Let’s go back, way back to Genesis – and try to figure out what that means.

Old Testament

You may remember, from the Old Testament, there are times when the Bible talks about a “pleasing aroma” to the LORD.  It’s from passages like these –

Ge 8:20 Then Noah built an altar to the LORD and, taking some of all the clean animals and clean birds, he sacrificed burnt offerings on it. 21 The LORD smelled the pleasing aroma and said in his heart: “Never again will I curse the ground because of man, even though every inclination of his heart is evil from childhood. And never again will I destroy all living creatures, as I have done.

This, after the flood waters receded and Noah’s family was able to leave the Ark.  Maybe it reminds you of the smell of a BBQ?  That’s certainly a pleasing aroma.

Lev 2:1 “ ‘When someone brings a grain offering to the LORD, his offering is to be of fine flour. He is to pour oil on it, put incense on it 2 and take it to Aaron’s sons the priests.
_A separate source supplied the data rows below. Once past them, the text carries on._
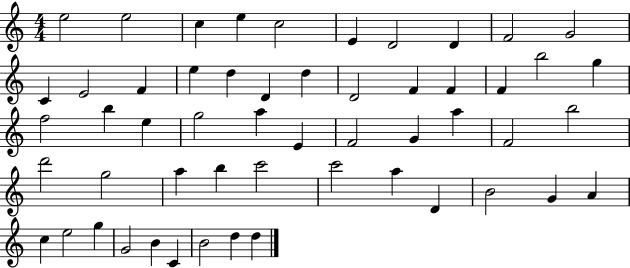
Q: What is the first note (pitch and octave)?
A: E5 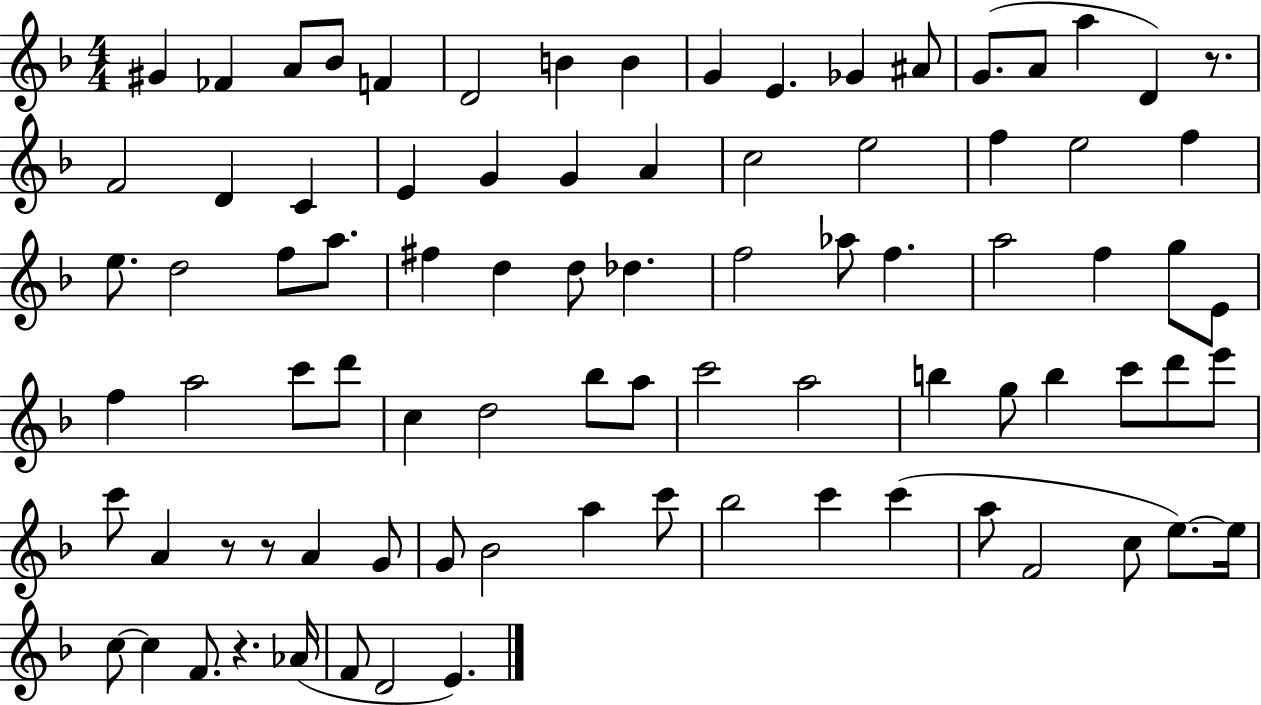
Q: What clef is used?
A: treble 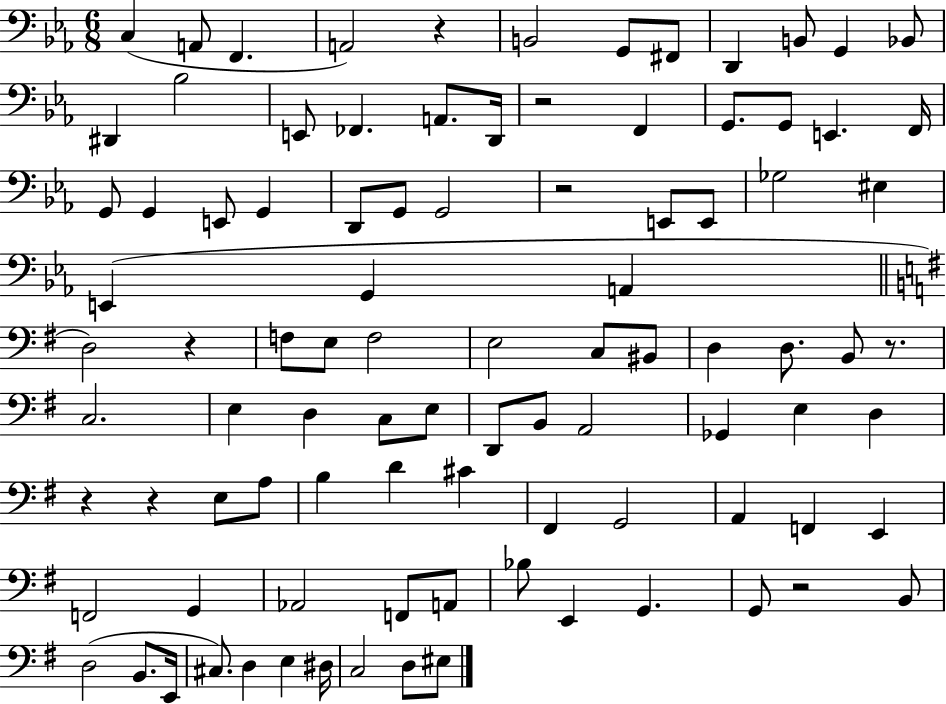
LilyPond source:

{
  \clef bass
  \numericTimeSignature
  \time 6/8
  \key ees \major
  c4( a,8 f,4. | a,2) r4 | b,2 g,8 fis,8 | d,4 b,8 g,4 bes,8 | \break dis,4 bes2 | e,8 fes,4. a,8. d,16 | r2 f,4 | g,8. g,8 e,4. f,16 | \break g,8 g,4 e,8 g,4 | d,8 g,8 g,2 | r2 e,8 e,8 | ges2 eis4 | \break e,4( g,4 a,4 | \bar "||" \break \key e \minor d2) r4 | f8 e8 f2 | e2 c8 bis,8 | d4 d8. b,8 r8. | \break c2. | e4 d4 c8 e8 | d,8 b,8 a,2 | ges,4 e4 d4 | \break r4 r4 e8 a8 | b4 d'4 cis'4 | fis,4 g,2 | a,4 f,4 e,4 | \break f,2 g,4 | aes,2 f,8 a,8 | bes8 e,4 g,4. | g,8 r2 b,8 | \break d2( b,8. e,16 | cis8.) d4 e4 dis16 | c2 d8 eis8 | \bar "|."
} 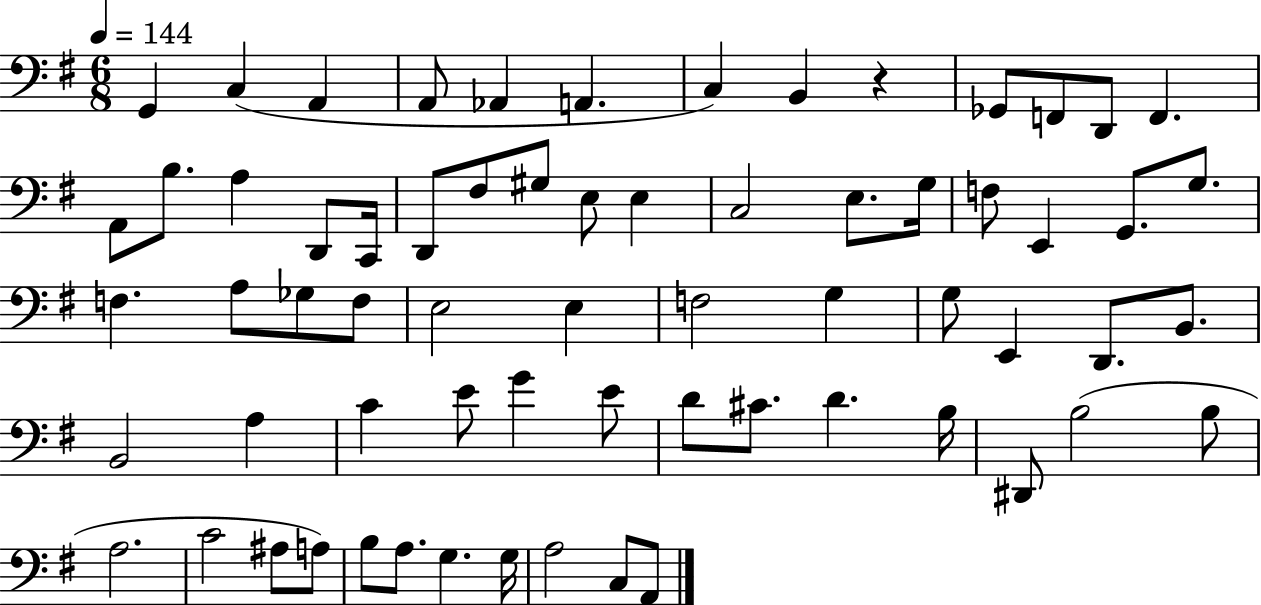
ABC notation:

X:1
T:Untitled
M:6/8
L:1/4
K:G
G,, C, A,, A,,/2 _A,, A,, C, B,, z _G,,/2 F,,/2 D,,/2 F,, A,,/2 B,/2 A, D,,/2 C,,/4 D,,/2 ^F,/2 ^G,/2 E,/2 E, C,2 E,/2 G,/4 F,/2 E,, G,,/2 G,/2 F, A,/2 _G,/2 F,/2 E,2 E, F,2 G, G,/2 E,, D,,/2 B,,/2 B,,2 A, C E/2 G E/2 D/2 ^C/2 D B,/4 ^D,,/2 B,2 B,/2 A,2 C2 ^A,/2 A,/2 B,/2 A,/2 G, G,/4 A,2 C,/2 A,,/2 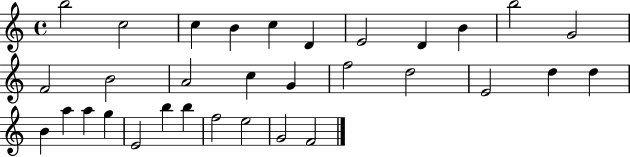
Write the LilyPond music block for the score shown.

{
  \clef treble
  \time 4/4
  \defaultTimeSignature
  \key c \major
  b''2 c''2 | c''4 b'4 c''4 d'4 | e'2 d'4 b'4 | b''2 g'2 | \break f'2 b'2 | a'2 c''4 g'4 | f''2 d''2 | e'2 d''4 d''4 | \break b'4 a''4 a''4 g''4 | e'2 b''4 b''4 | f''2 e''2 | g'2 f'2 | \break \bar "|."
}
The priest shall take a handful of the fine flour and oil, together with all the incense, and burn this as a memorial portion on the altar, an offering made by fire, an aroma pleasing to the LORD. 3 The rest of the grain offering belongs to Aaron and his sons; it is a most holy part of the offerings made to the LORD by fire.
Lev 2:4 “ ‘If you bring a grain offering baked in an oven, it is to consist of fine flour: cakes made without yeast and mixed with oil, or wafers made without yeast and spread with oil. 5 If your grain offering is prepared on a griddle, it is to be made of fine flour mixed with oil, and without yeast. 6 Crumble it and pour oil on it; it is a grain offering. 7 If your grain offering is cooked in a pan, it is to be made of fine flour and oil. 8 Bring the grain offering made of these things to the LORD; present it to the priest, who shall take it to the altar. 9 He shall take out the memorial portion from the grain offering and burn it on the altar as an offering made by fire, an aroma pleasing to the LORD. 10 The rest of the grain offering belongs to Aaron and his sons; it is a most holy part of the offerings made to the LORD by fire.’ “

Grain – oil – bread – more pleasing aromas.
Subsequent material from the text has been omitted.